The prevailing methods for identifying false information in vehicular networks employ different techniques, including machine learning, trust scores, blockchain, statistical methods, etc. However, these methods have various limitations, which are discussed in
Section 2. Among the existing methods, RSU-based Online Intrusion Detection and Mitigation [
8], referred to as RSUOIDM hereafter, leverages historical data transmitted by the vehicles within the vicinity of RSUs and constructs models for anomaly detection. These models are used by the RSUs to analyze newly received information from vehicles by calculating an anomaly score based on the model. However, this method incurs initialization delays due to its reliance on historical data. Additionally, if traffic patterns in the RSUs’ communication range change between the time of historical data collection and evaluation, the detection accuracy of the technique may degrade. Another approach, using data clustering for false information detection [
9], referred to as DCFID hereon, utilizes unsupervised machine learning with data clustering to detect false information. In this approach, vehicles are clustered into benign and malicious groups based on similarities in their beacon message data. While the accuracy of DCFID is high under the assumption that all malicious nodes broadcast identical false beacon message data, the malicious nodes can disseminate varied values of false data. A recent study [
10] proposes an intelligent trust management strategy (ITMS) for mitigating false messages in vehicular networks. In ITMS, a vehicle evaluates messages from other vehicles using a comprehensive trust evaluation based on a direct trust calculated on its own and indirect trust received from other vehicles. Though this approach offers accurate detection at lower proportions of malicious nodes in the network, the accuracy degrades, and a high number of false alarms are generated at higher proportions of malicious nodes. Moreover, vehicles need to depend on each other in the trust evaluation process.
We introduce a false information detection technique for vehicular networks, addressing the limitations of existing methods. The proposed technique leverages an unsupervised pattern-based anomaly detection approach, and thus we call our technique False Information Mitigation using Pattern-based Anomaly Detection (FIM-PAD).

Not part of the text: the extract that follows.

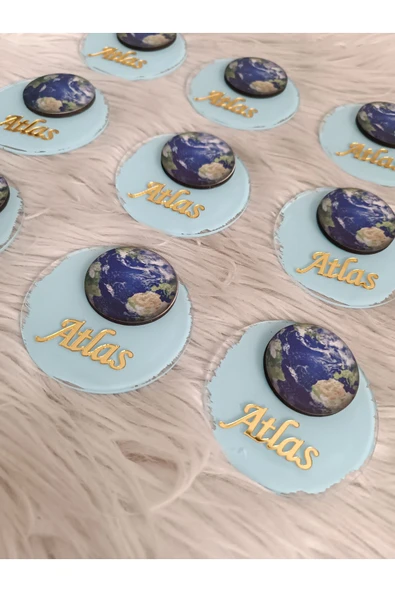 Doğrukan Hediyelik Dünya figürlü pleksi magnet yenidoğan doğum günü mevlüt hediyelik (10 adet) - Resim 2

FIM-PAD uses only real-time data transmitted in the network, and it can be independently used by any vehicle to distinguish false information transmitted in its vicinity. To minimize data processing delays, we use a data binning method in the pattern-based anomaly detection, which avoids repeated scanning of information received from other vehicles. FIM-PAD’s
novelty lies in its ability to identify usual patterns between the direction of travel and speed of vehicles and detect false information solely using the real-time network properties, eliminating the need for historical data and cooperation between vehicles. The
motivations for FIM-PAD are to meet high accuracy within minimal delay at high proportions of malicious nodes. We evaluate the performance of FIM-PAD with up to 35% of malicious nodes in simulation scenarios. The results demonstrate that FIM-PAD is capable of fast and accurate false information discovery. On average, it achieves a 38% lower processing delay and at least 19% less false positive rate in comparison to RSUOIDM [
8], DCFID [
9], and ITMS [
10].
The following are the contributions of the paper:
We propose a technique for detecting false information in vehicular networks, FIM-PAD, using an unsupervised pattern-based anomaly detection method. FIM-PAD learns the usual patterns between the direction of travel and speed of vehicles, and thus identifies malicious vehicles not conforming to the learned patterns. FIM-PAD analyzes vehicles traveling in different directions separately, considering the variations in speeds of vehicles traveling in different directions.
Vehicles can independently detect false information with FIM-PAD using only real-time network information without depending on historical data, infrastructures, or other vehicles.
We reduce processing delays with a data binning method for finding patterns in the beacon message data and use the binned data for anomaly detection, thereby eliminating the need for repeated scans of data.
We carry out comprehensive simulations to compare the performance of FIM-PAD with other existing approaches in urban and highway scenarios with varying proportions of malicious nodes.
The remainder of the paper is structured as follows:
Section 2 presents the current related work on false information discovery in vehicular networks;
Section 3 describes the specifics of FIM-PAD;
Section 4 provides the results of performance assessment; and
Section 5 suggests future research plans and concludes the paper.
2. Related Work
In this section, we present an overview of recent studies on false information discovery in vehicular networks.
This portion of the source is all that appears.